Wer die beste Pizza Maltas sucht, der muss eine halbe Odyssee durch das Mittelmeer auf sich nehmen. Mit einem der schnaufenden ÖPNV-Busse muss sich diese Person an den nördlichsten Zipfel der Hauptinsel schaukeln lassen, sich dann mühsam den Weg durch die Menschenmassen auf der Fähre freischlagen, ehe der Dampfer die zwanzigminütige Übersetzung nach Gozo antreten kann. Doch das Erreichen Gozos, eine von zwei Nebeninseln Maltas und die einzige bewohnte, bedeutet noch lange nicht das Ende der Odyssee.
Einmal im altertümlichen Gozo angekommen, folgt das nächste Busabenteuer: Mit knurrendem Magen schlängelt man sich die Serpentinen hoch, ruckelt über unbefestigte Landstraßen und lässt sich beinahe von den rhythmischen Bewegungen des Busses einlullen, bevor sie dann doch kommt: Die deliziöseste Haltestelle des Landes, inmitten des abgelegenen Dorfes Nadur - ein typischer gozitanischer Ort, mit krähenden Hähnen und gackernden Hühnern hinter jeder zweiten Hofmauer.

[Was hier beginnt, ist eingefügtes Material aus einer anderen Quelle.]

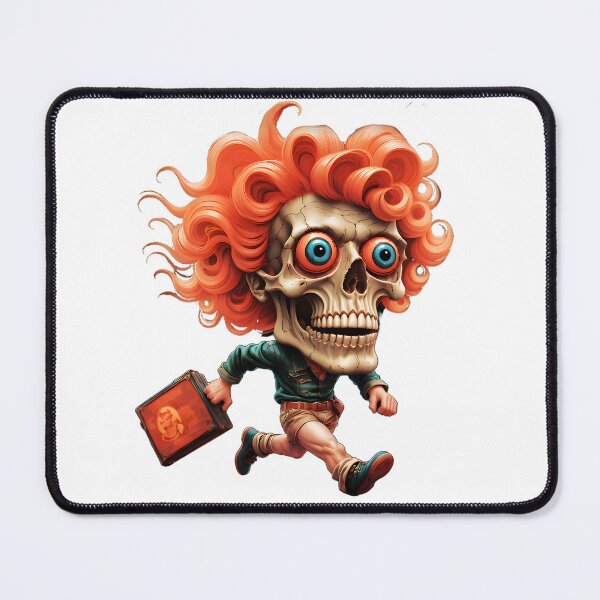 Item preview, Crimson-Haired Bobble Head Harbinger: A Surreal Sprint Through Dreamscape Dimensions. designed and sold by Aroncross111.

Fünfzehn Minuten strammer Fußmarsch durch die Ödnis noch und "schon" liegt es vor einem, das Epizentrum guten Geschmacks auf Gozo: Die Maxokk Bakery, die es in ihrer über 90-jährigen Geschichte von der örtlichen Dorfbäckerei zur eigenen Sehenswürdigkeit gebracht hat.

Seit zehn Jahren wird die familiengeführte Bäckerei nun schon von Touristen geflutet, werden den Inhabern zahlreiche Preise der wichtigsten Touristenportale verliehen und suchen Promis jeder Couleur das Innere des so gut versteckten Ortes auf. Sobald sich jedoch hinter dem Besucher der altmodische Perlenvorhang schließt, scheint die Zeit wie stehengeblieben: Außer dem Telefon und einem Kühlschrank zeugt in der Maxokk Bakery nichts, aber auch gar nichts, vom Anbruch des digitalen Zeitalters. Gebacken wird direkt vor den Augen der Kunden, ein hölzerner Tresen grenzt den mickrigen Verkaufsraum vom Backbereich ab. An den Wänden hängen vereinzelte Familienerinnerungen, vergilbte Fotografien aus der Kindheit, eine ratternde Registrierkasse im Hintergrund genügt zur Abrechnung. Wichtiger als diese Nebensächlichkeiten ist aber das Zentrum des Raumes: Eine lange Tafel mit allerlei Zutaten, Teigklumpen und eifrig verteiltem Mehl. Dahinter schließt das wuchtige Herz jeder Bäckerei die urige Kammer ab: Von Ruß umgeben thront dort der Ofen wie ein fauchender Vulkan über dem geschäftigen Geschehen vor ihm, in seinem geräumigen Innern knistern die Flammen und glüht die Kohle leise zischend vor sich hin. Ein leicht überdimensionierter Aufwand für die kleinen Fladenbrote, die dem Ofen im Minutentakt entspringen - doch das denkt nur, wer die hausgemachten Ftiras und italienischen Pizzen noch nicht selbst probiert hat.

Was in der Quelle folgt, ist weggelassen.